───── Records provided
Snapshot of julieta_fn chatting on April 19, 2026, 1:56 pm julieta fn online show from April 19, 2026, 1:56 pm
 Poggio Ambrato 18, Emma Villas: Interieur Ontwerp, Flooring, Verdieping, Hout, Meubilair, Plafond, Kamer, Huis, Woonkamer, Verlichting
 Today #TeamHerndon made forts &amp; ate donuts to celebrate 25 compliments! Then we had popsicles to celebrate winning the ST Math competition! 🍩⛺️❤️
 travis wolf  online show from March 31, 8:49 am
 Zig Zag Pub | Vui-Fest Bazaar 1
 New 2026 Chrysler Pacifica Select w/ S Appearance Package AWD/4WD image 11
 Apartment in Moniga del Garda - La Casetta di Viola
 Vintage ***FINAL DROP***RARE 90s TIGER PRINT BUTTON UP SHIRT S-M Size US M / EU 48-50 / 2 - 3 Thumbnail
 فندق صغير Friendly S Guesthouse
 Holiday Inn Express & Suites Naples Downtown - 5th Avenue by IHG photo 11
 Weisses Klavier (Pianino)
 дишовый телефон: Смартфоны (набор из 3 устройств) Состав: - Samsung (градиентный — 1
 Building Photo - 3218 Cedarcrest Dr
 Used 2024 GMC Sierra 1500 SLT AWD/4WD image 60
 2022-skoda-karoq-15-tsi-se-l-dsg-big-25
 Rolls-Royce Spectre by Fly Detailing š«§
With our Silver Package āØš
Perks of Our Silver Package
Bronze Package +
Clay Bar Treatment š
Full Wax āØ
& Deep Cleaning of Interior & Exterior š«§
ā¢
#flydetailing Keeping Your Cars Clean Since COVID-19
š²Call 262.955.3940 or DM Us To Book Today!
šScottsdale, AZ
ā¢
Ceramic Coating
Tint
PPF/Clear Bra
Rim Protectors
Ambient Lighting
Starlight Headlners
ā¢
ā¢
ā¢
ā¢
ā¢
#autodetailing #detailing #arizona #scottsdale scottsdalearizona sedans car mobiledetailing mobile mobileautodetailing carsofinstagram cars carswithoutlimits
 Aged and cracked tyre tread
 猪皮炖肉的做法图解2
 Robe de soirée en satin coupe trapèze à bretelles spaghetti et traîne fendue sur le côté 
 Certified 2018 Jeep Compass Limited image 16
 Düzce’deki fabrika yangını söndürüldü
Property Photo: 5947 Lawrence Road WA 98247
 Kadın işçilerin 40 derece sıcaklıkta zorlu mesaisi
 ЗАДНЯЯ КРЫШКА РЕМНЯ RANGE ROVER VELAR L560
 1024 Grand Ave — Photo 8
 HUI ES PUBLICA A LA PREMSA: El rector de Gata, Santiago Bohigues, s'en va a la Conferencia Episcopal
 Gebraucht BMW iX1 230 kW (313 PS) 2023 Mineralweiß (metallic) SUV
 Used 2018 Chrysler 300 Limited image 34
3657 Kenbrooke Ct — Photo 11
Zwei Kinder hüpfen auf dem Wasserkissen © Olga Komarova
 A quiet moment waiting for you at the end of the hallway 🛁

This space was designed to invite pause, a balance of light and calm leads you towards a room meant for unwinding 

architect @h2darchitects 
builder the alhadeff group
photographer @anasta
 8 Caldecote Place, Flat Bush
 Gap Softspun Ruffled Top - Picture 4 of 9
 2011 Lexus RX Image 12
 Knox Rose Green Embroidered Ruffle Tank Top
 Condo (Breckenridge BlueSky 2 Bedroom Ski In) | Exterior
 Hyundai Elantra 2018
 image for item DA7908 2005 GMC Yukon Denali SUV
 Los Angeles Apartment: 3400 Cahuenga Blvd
──────────
#### To do:
Starting at the line that contains "Used 2018 Chrysler 300 Limited image 34" and stopping after the line that contains "image for item", write out every line exactly as it appears above, and no other line.

#### Exercise output:
 Used 2018 Chrysler 300 Limited image 34
3657 Kenbrooke Ct — Photo 11
Zwei Kinder hüpfen auf dem Wasserkissen © Olga Komarova
 A quiet moment waiting for you at the end of the hallway 🛁

This space was designed to invite pause, a balance of light and calm leads you towards a room meant for unwinding 

architect @h2darchitects 
builder the alhadeff group
photographer @anasta
 8 Caldecote Place, Flat Bush
 Gap Softspun Ruffled Top - Picture 4 of 9
 2011 Lexus RX Image 12
 Knox Rose Green Embroidered Ruffle Tank Top
 Condo (Breckenridge BlueSky 2 Bedroom Ski In) | Exterior
 Hyundai Elantra 2018
 image for item DA7908 2005 GMC Yukon Denali SUV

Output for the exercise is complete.